22. Hukuk Dairesi 2016/15907 E. , 2019/13220 K.
"İçtihat Metni"MAHKEMESİ :İş Mahkemesi
DAVA TÜRÜ : ALACAK
Taraflar arasında görülen dava sonucunda verilen kararın, temyizen incelenmesi davalı vekili tarafından istenilmekle, temyiz talebinin süresinde olduğu anlaşıldı. Dava dosyası için Tetkik Hakimi ... tarafından düzenlenen rapor dinlendikten sonra dosya incelendi, gereği konuşulup düşünüldü:
Y A R G I T A Y K A R A R I
Davacı İsteminin Özeti:
Davacı vekili, davacının, iş akdinin haksız olarak feshedildiğini ileri sürerek kıdem tazminatı alacağının tahsilini talep etmiştir.
Davalı Cevabının Özeti:
Davalı vekili, davacının genel müdür sıfatıyla çalışmakta iken usulsüz iş ve eylemlerde bulunduğu, haksız menfeat sağladığının tespit edildiği, hakkında şikayette bulunulduğu ve davacının 03.12.2010 günü tutuklandığını, davacının iş akdinin haklı nedenle feshedildiğini savunarak davanın reddine karar verilmesini talep etmiştir.
Mahkeme Kararının Özeti:
Mahkemece, toplanan deliller ve bilirkişi raporu doğrultusunda, davanın kabulüne karar verilmiştir.
Temyiz:
Karar, davalı vekili tarafından temyiz edilmiştir.
Gerekçe:
1-Dava, davalı şirkette genel müdür olarak görev yapan davacının hizmet akdinin haksız feshedildiği iddiasıyla kıdem tazminatı alacağının tahsili istemine ilişkindir.

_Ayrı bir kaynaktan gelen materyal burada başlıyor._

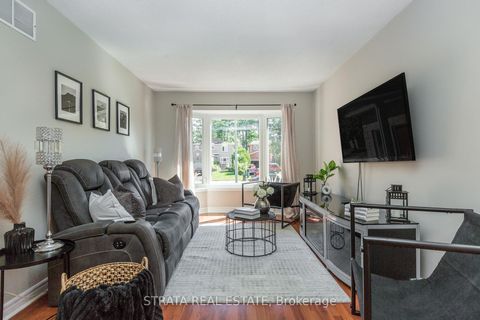 Photo 3 at 22 Mcveigh Drive, Northwest, Barrie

Davalı vekili, davacının iş akdinin İş Kanunu"nun 25/2 maddesi (e) bendi gereğince 23/12/2010 tarihinde haklı nedenle feshedildiğini savunmasına rağmen Mahkemece, davacı işçinin gözaltına alınması veya tutuklanması halinde devamsızlığın aynı Kanunun 17. maddesinde sözü edilen bildirim süresini aşması durumunda işverenin derhal fesih hakkının olduğunun hükme bağlandığı, davacının 03/12/2010 tarihinde tutuklandığı ve henüz bildirim süresi dolmadan 23/12/2010 tarihinde iş akdinin feshedildiği yine ceza davasında davacının beraat ettiğide göz önüne alınarak işverence yapılan feshin haksız olduğu gerekçesiyle davanın kısmen kabulüne karar verilmiştir.
Davalı şirketin davacıya hitaben gönderdiği, 27.12.2010 tarihli yazı ile “ T.C Tarım ve Köyişleri Bakanlığı Teftiş Kurulu Başkanlığı"nın 23.12.2010 tarih ve 3705 sayılı yazıları gereği 1163 Sayılı Kooperatifler Kanununun 5983 Sayılı Kanun ile değiştirilen 90. maddesi gereğince görevinize tedbiren son verilmiştir." iş akdinin fesh edildiği anlaşılmıştır.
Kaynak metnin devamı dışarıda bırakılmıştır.